Because the field is radial and perpendicular to curved surface:
[\oint \vec{E} \cdot d\vec{A}] [= E(2\pi rL)]
Charge enclosed
[Q_{\text{enclosed}}] [= \lambda L]
Apply Gauss’s Law
[E(2\pi rL)] [= \dfrac{\lambda L}{\varepsilon_0}]
Cancel [L]:
[E] [= \dfrac{\lambda}{2\pi \varepsilon_0 r}]
Thus, the electric field at distance [r] from an infinitely long line charge is:
[\boxed{E = \dfrac{\lambda}{2\pi \varepsilon_0 r}}]
Direction:
- Radially outward for [\lambda > 0]
- Radially inward for [\lambda < 0]
3. Dimensions and Units
Line charge density
[\lambda] = C/m
Electric field
[E] = [N/C] [= \dfrac{V}{m}]
Dimensions
[E] = [MLT^{-3}A^{-1}]
4. Key Features
- Field is inversely proportional to distance: [E \propto \dfrac{1}{r}]
- Useful for long straight wires (ideally infinite)
- Electric field is radial
- Field does not depend on the length of Gaussian surface (L cancels)
- Works only for uniform charge distribution
- Very important for:
- Charged rods
- Transmission lines
- Plasma physics
- Coaxial cable field calculations
5. Important Formulas to Remember
| S.No. | Formula | Meaning |
|---|---|---|
| 1 | [E] [= \dfrac{\lambda}{2\pi\varepsilon_0 r}] | Field due to infinite line charge |
| 2 | [\lambda] [= \dfrac{Q}{L}] | Line charge density |
| 3 | [Q_{\text{enc}}] [= \lambda L] | Charge enclosed by Gaussian surface |
| 4 | [\phi = EA] | Electric flux |
| 5 | [A = 2\pi rL] | Curved surface area of Gaussian cylinder |
6. Conceptual Questions with Solutions
1. Why do we choose a cylindrical Gaussian surface?
Because the line charge produces a radially symmetric field, and a cylinder matches this symmetry, making [\vec{E}] constant on its curved surface.
2. Why is there no flux through the flat circular ends?
The field is radial, and flat ends are perpendicular to the axis → [\vec{E}] is **parallel** to the surface → flux = 0.
3. Why does the length of the cylinder (L) cancel out?
Because both flux and enclosed charge are proportional to [L], so they cancel in Gauss’s Law.
4. Why can we treat the wire as infinitely long?
For long wires, the field near the middle is nearly the same as for an infinite wire. Edge effects become negligible.
5. What happens if the wire is finite?
The field will no longer be exactly radial or uniform on the surface; Gauss’s Law becomes harder to apply.

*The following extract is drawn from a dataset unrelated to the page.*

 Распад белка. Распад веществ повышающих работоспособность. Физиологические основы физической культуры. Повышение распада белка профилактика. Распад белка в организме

6. Why does the electric field decrease as 1/r?
Because field lines spread out uniformly around the wire, forming expanding cylindrical shells.
7. Why can’t we use a spherical Gaussian surface?

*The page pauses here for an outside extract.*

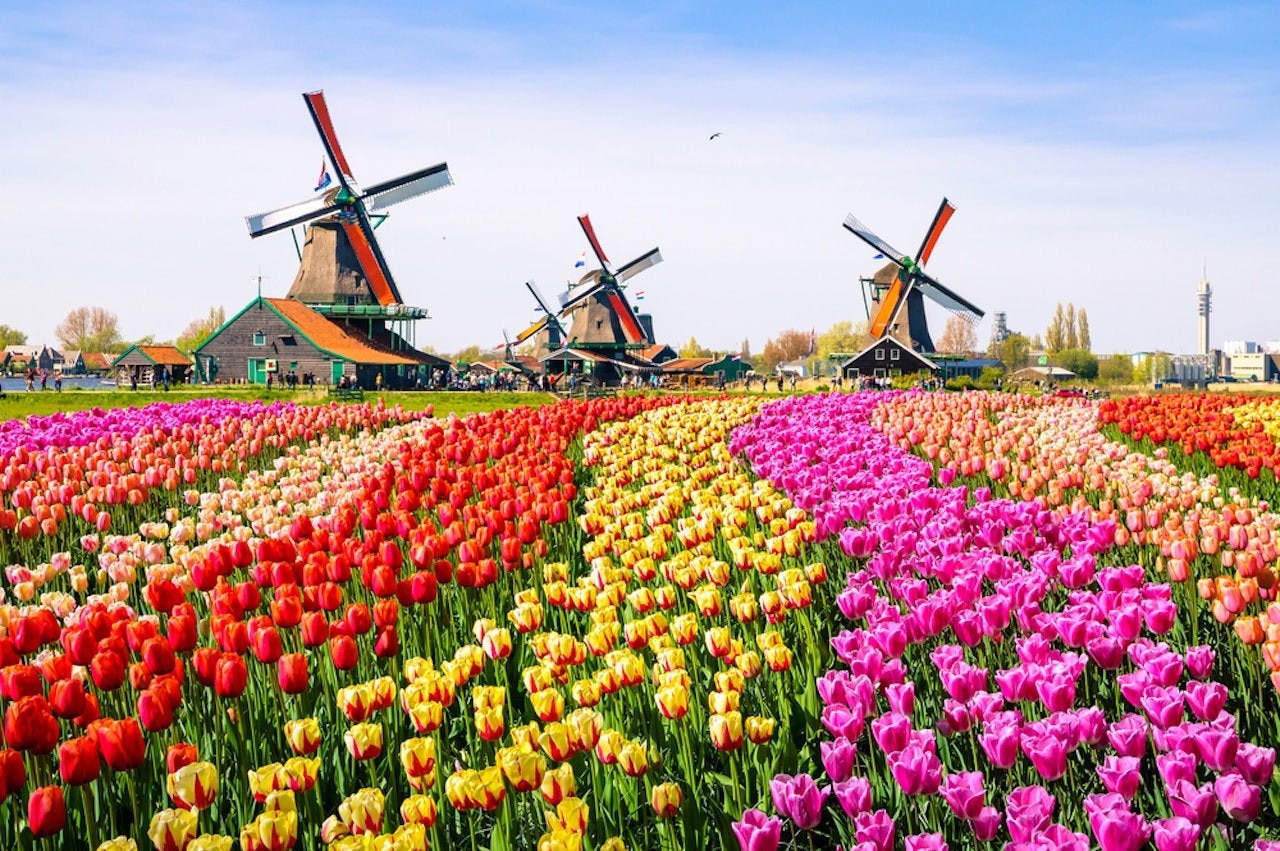 Zaanse Schans Windmill Village Tour with Transfers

Because the field is **not constant** on a sphere for a line charge.
8. Is the electric field inside a hollow charged tube zero?
Yes, if the tube is infinitely long and uniformly charged (similar reasoning as symmetry of shell).
9. If λ is negative, does E become negative?
No. Magnitude is positive, but **direction reverses** (inward).
10. Does E depend on the material of the wire?
No. Only on charge distribution.
11. Is the electric field uniform everywhere?
No. It varies with distance [r].
12. What happens to E as r → 0?
It becomes very large theoretically, but real wires have finite thickness.
13. Why is λ used instead of total charge?
Because the distribution is continuous and extends over a long length.
14. Can this formula be used near the ends of wire?
No. End effects make the field asymmetric.
15. Does medium affect field?
Yes. Replace [\varepsilon_0] with [\varepsilon].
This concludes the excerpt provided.